L'allarme della Cisl scuola etnea: "Negli ultimi anni 10 mila alunni in meno"

"Abbiamo perso circa 5 mila posti di lavoro - spiega il segretario generale Pippo Denaro - Stiamo parlando di precari storici e non di precari che lavorano cinque-dieci giorni l'anno. I precari che non lavoreranno mai sono circa 20 mila"

Se anche oggi non si usano più le valigie di cartone, l’ “usanza” di emigrare al Nord in cerca di lavoro sta vivendo una stagione di “revival”. L’era moderna non ha risolto alcuni problemi di base e, uno di questi, rimane la mancanza di posti di lavoro nel settore scolastico. Il Sud, infatti, è conosciuto per essere una terra con un’altissima presenza di docenti che vanno in cerca di lavoro al Nord, nelle cui scuole c’è più possibilità di inserirsi. Nonostante la presenza di questo dato strutturale, i vertici  CISL Scuola Catania hanno, però, lanciato l’ennesimo allarme: oltre 10.000 alunni in meno, perché si fanno meno figli e, quindi, ci sono meno posti di lavoro.  

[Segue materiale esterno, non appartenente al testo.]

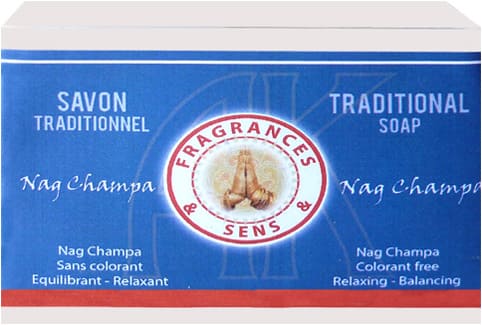 Profumo e sapone sensoriale nag champa 100g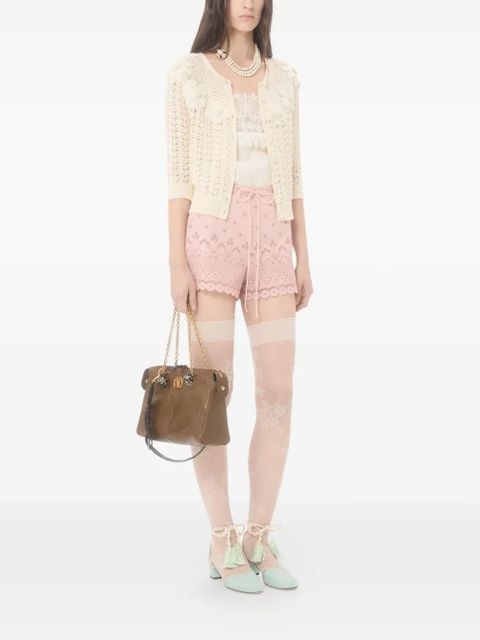 Valentino Garavani embroidered crochet-flower cardigan - Neutrals - zdjęcie produktu nr 2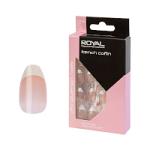 Royal 24 Glue-On Nails - French Coffin (6pcs) (NNAI385) (£1.25/each) Royal N/10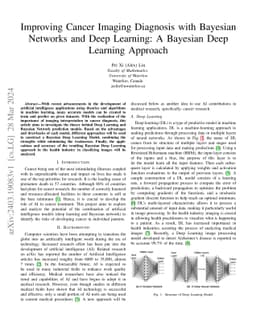 Improving Cancer Imaging Diagnosis with Bayesian Networks and Deep
  Learning: A Bayesian Deep Learning Approach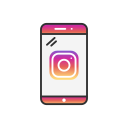 Instagram,Instagram logo,Logo,Phone
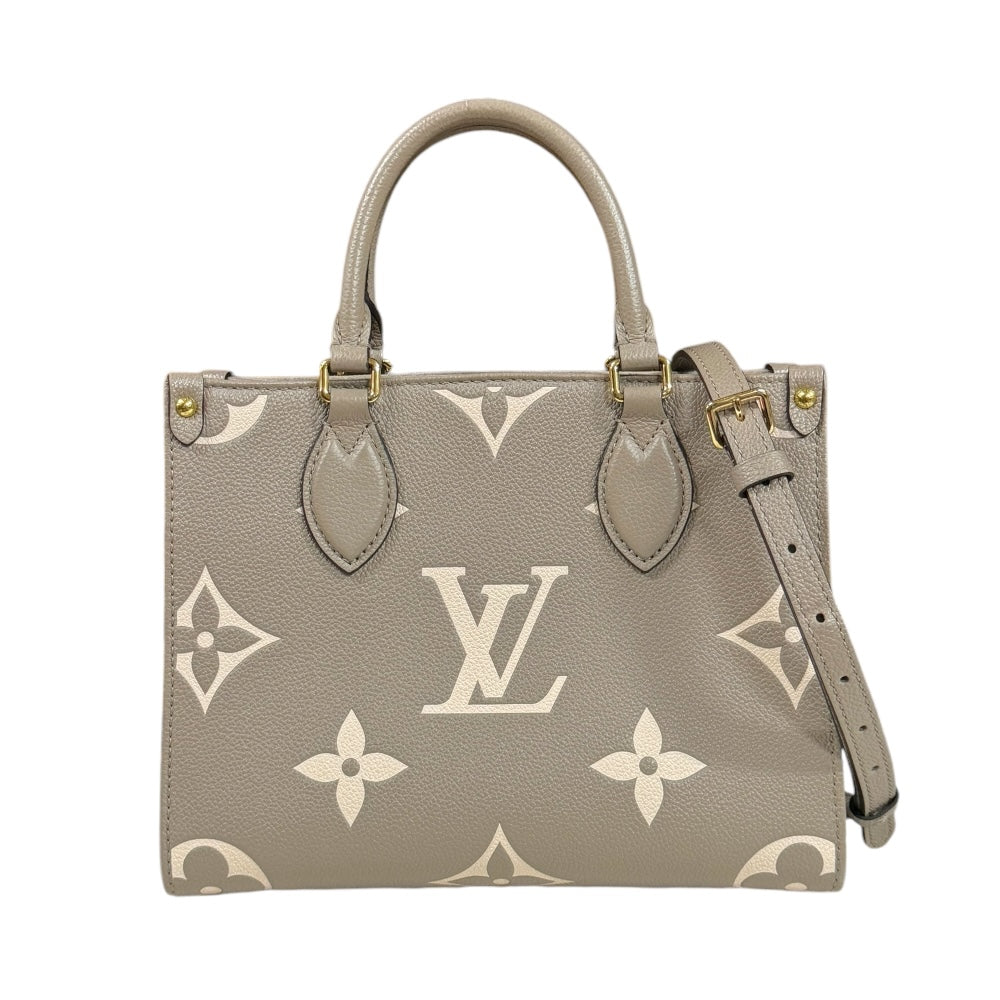 LOUIS VUITTON ルイヴィトン オンザゴーPM バイカラーモノグラムアンプラント ショルダーバッグ ベージュ レディース 中古 –  【公式】リサイクルキング オンラインショップ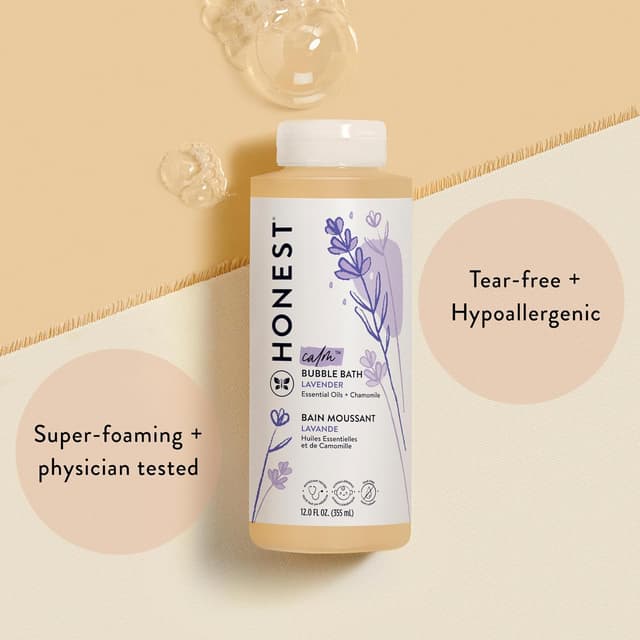 Thumbnail 1 de The Honest Company Foaming Bubble Bath 12 fl oz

“Negli ultimi anni abbiamo perso circa 5 mila posti di lavoro” spiega il segretario generale Denaro durante l’incontro “Agenda Scuola: ripartire con responsabilità-Dirigenti, docenti e Ata protagonisti del cambiamento”.   “Stiamo parlando di precari storici e non di precari che lavorano cinque-dieci giorni l'anno. I precari che non lavoreranno mai sono circa 20 mila. Di questi, calcolando i tre gradi scolastici e l'organico che si occupa di sostegno, circa 3 mila riusciranno a lavorare".

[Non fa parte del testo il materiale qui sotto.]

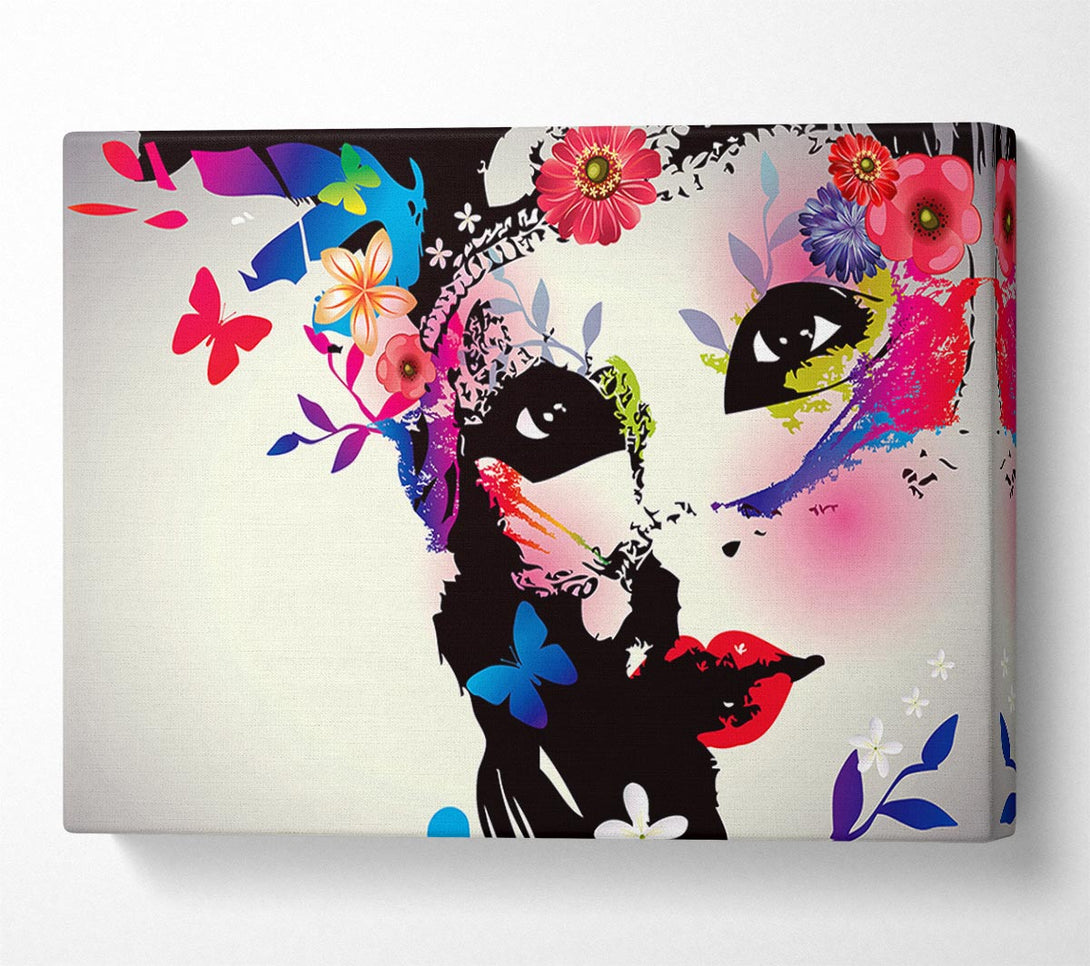  A Canvas Print of Flower Woman Canvas Print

Oggi con la crisi e con i licenziamenti, si fa domanda per diventare supplente e bidello, causando, di conseguenza, una più ridotta disponibilità di posti per un’altra categoria di lavoratori, che,come le altre, gode dello stesso diritto al lavoro. Quanto a tempo pieno, la nostra regione risulta coprire solo il 4% a fronte di un 44% della Lombardia. “In altre regioni-sottolinea Denaro- siamo già alla terza edizione della legge per il diritto allo studio, mentre in Sicilia tutto tace. Questa legge permetterebbe di contrastare la dispersione scolastica, rafforzare le competenze degli studenti e creare la necessaria sinergia tra istituzioni, famiglie e mondo del lavoro perché senza scuola non c'è progresso". Si è posto l’accento sulla necessità, oltremodo, di potenziare la qualità dei servizi e delle strutture.

L’ Associazione Nazionale Orizzonte Docenti, con sede a Catania,Acireale, Grammichele e Castel di Iudica, nella persona del Presidente,  l’Insegnante Antonino Ballarino, commenta questi dati.  “E’ difficile oggi pensare ad una soluzione del problema del precariato, specialmente quando le politiche della Fornero con la sua riforma, hanno allungato la vita lavorativa di molti, bloccando di fatto l'ingresso nel  mondo del lavoro di giovani docenti o per meglio dire di nuovi docenti. Nemmeno l'attuale concorso potrà   risolverli, visto che i precari, oltre a cercare un posto di lavoro, sono costretti a spendere quello che gli resta per una preparazione inutile” dichiara Ballarino. “Oggi la proposta della federazione Gilda Unams sembra la più importante in quanto permette di accompagnare il docente prossimo alla pensione ad un percorso diverso, favorendo in compenso l'ingresso di docenti giovani”.